There isn't too much wildly exciting going on at the moment because so much time is spent finishing things to the proper finished standard. This rarely results in anything worth photographing. This is the finished brake valve which is tested and ready to bolt on. You will note that there is very little difference to the one that has been junked despite soaking up many days' of effort.
And these are the mirrors. They don't look much different to the last picture although the poor No1 apprentice has been standing for hours dressing them up. They are now getting close to being buffed. The glass isn't glass because the mirros need to be convex to make them even a tiny bit useful so we were trying some plastic ones. I for one am not impressed.
And there are lots of pipes to insulate. We are good and pure and holy we don't agree with the use of artificial, man-made fibres. We only use wholesome, natural fibres for our work. .
Some pipes already insulated with Whole Earth Natu-String. I need to get some whipping twine to make a nicer job of the ends.
I got the deck finished off, well, screwed down and then spent an age rebating the end of the planks so the piece of angle iron that finishes off the deck and protects the end of the planks sits flush to the top surface. The plug cutter fell to pieces so I need to buy a new one so I can plug the screw holes and make it look pretty.
You can probably spot in that photo that the wings are sort of held in place too. Because these waggons were converted from solids to pneumatics in period there were all sorts of ways to hold the wings on and very few of the period efforts looked very nice at all. We decided that the best thing to so was copy the brackets on the S4 because Sentinel made them so they might have made these the same. Someone who wasn't me stood for a few days TIGging these together so they looked like the ends had been forged. This is the rear one.

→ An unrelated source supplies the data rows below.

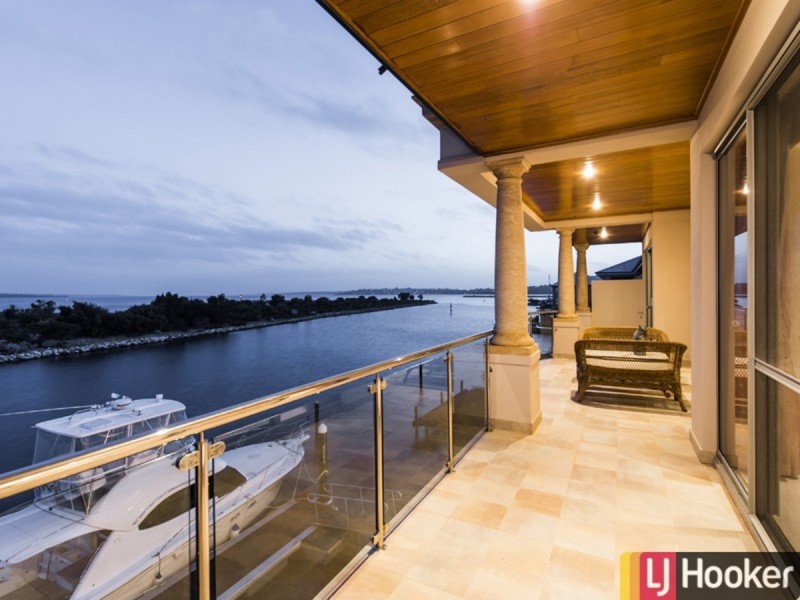 41 Avocet Island Quays, Wannanup WA 6210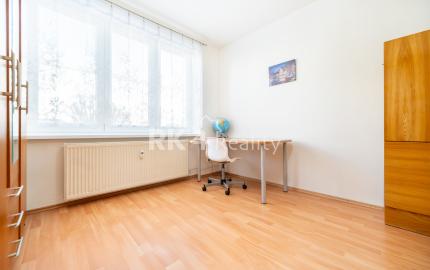 RK4 - PREDANÉ - 2 izbový byt - Považská Bystrica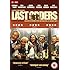 Last Orders [2001] [DVD]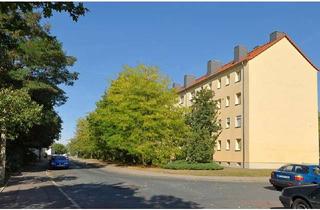 Wohnung mieten in Rockendorfer Weg 95a, 06128 Gesundbrunnen, Wohnen am Pestalozzipark, im Süden von Halle!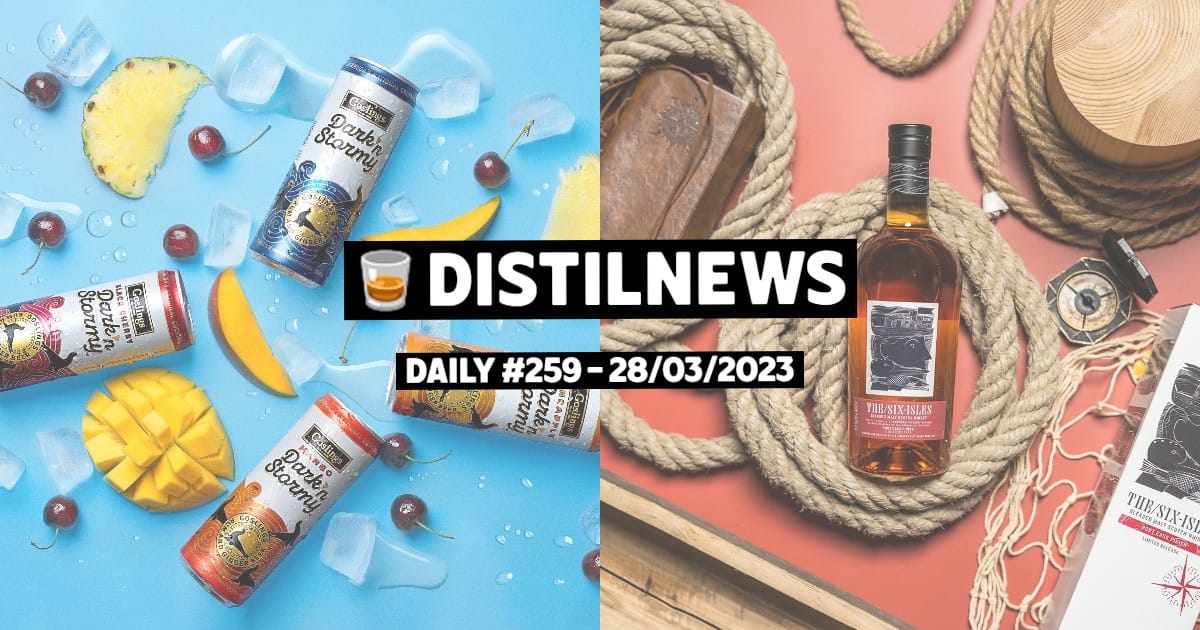DistilNews Daily #259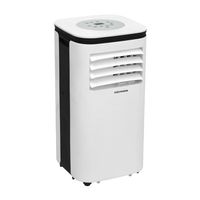 Klimagerät Klimaanlage Mobil (9000 BTU für 90 m³)
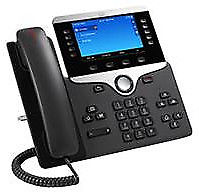 Cisco Cisco Ip Phone 8851 With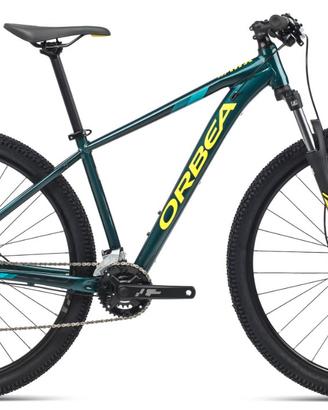 MTB Orbea MX 50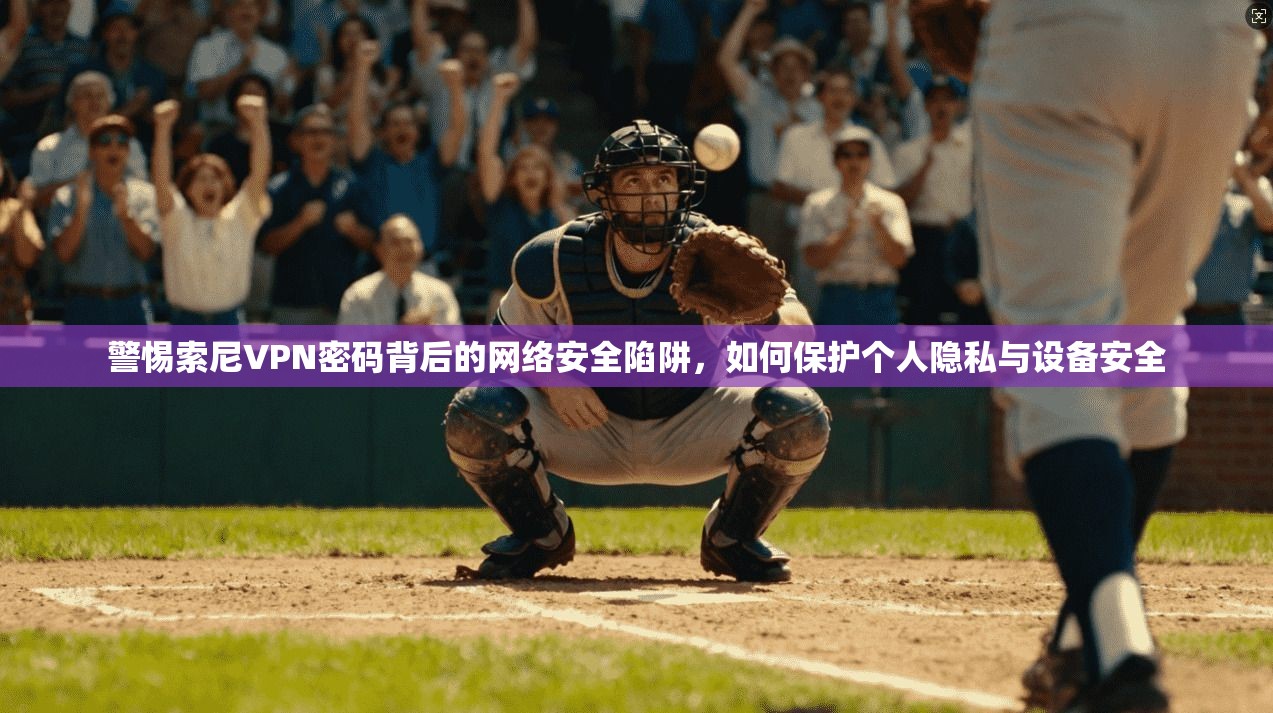 警惕索尼VPN密码背后的网络安全陷阱，如何保护个人隐私与设备安全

And this is the front one. This one needed to be a bits jinkier because you had to dodge around the chain. There needs to be a set of brackets made for the top of the wing to steady it.
The sharp eyed may also notice that in all that black another black thing has appeared. This is the chain oiler. On later ones these were cast aluminium but on the Super they were fabricated from eighth plate. This was handy because they were a doddle to make and gave No1 apprentice more experience gas welding. These are exactly as per the Sentinel design. We are just waiting for the castings of the valve body and the drip rail (which pokes out the bottom of the box)to come back from the foundry to finish them. These bits are often missing because people ran the chains until they were completely buggered and lashing around to they would be whipped off by the chains.
And the offside one. Lift the lid against the springs and swing it to the side, fill the box with oil and then drip it on the road. There will be a needle valve to control the flow of oil and to shut them off. Note also the offside wing brackets are there too.
This is the new front apron which was cut from 16swg rather than the 14 we used for the first effort. This makes it much easier to work with but isn't as fragile as the original spec of 18 gauge. The inside face has just been painted because access it not good once it is on. Now we need to fit this (again) then the work of making the cheek plates can start again. Underneath the apron plate is the 10 sheets of 1mm sheet steel for cladding the sides of the body. Whoopee.
And after probably getting on some sort of watch list because we bought so much gun blue this is the cladding getting somewhere near done. I don't think gun blue is really the way to blacken as much steel as this but there isn't much alternative these days (unless anyone knows better in which case speak up). It is a complete pig to photograph - well, it is if you are as crap as I am with a camera. Please note the tight fit of the cladding around the various fittings which means the shame plates can be quite small and this makes me happier. The brass band on the bottom isn't fitted yet which is why you can see the welding clamps.
Damn tight. Despite the streaky nature of the finish (which looks worse on camera than it does in the flesh) I am pleased with how this has panned out.
Most of the shame plates are back from the cutters so I'll blue these then fit them this weekend. We managed to get some period looking self tappers to fit them but the screw heads will need bluing too. This is one just sitting there to show how tight you can make things if you get someone with a plasma cutter to do the job. It would be a massive pain in the arse doing things like this by hand.
Throttle valve on for the last time and the steam pipe in. There is a bit of tin bashing required now to make a nice looking heat shield to save the skin on your knee.
This is the top piece of cladding which hasn't been blued yet. There is to be a flanged brass band around the top which hides the join between the top ring and the cladding. There is then a funny truncated conical ring that covers up the nuts and also holds the boiler top in place to make everything look real nice and purdy.
The bluing on the cladding looks really horrid in this photo. God knows why. Also I don't know why the perspex template is sittling on top of the boiler.
And that's about it. The only other thing that happened was that the motor in the tyre changer went phut which was annoying because we were changing some tyres at the time. The motor is now repaired and waiting to go back in. Top Chinese quality.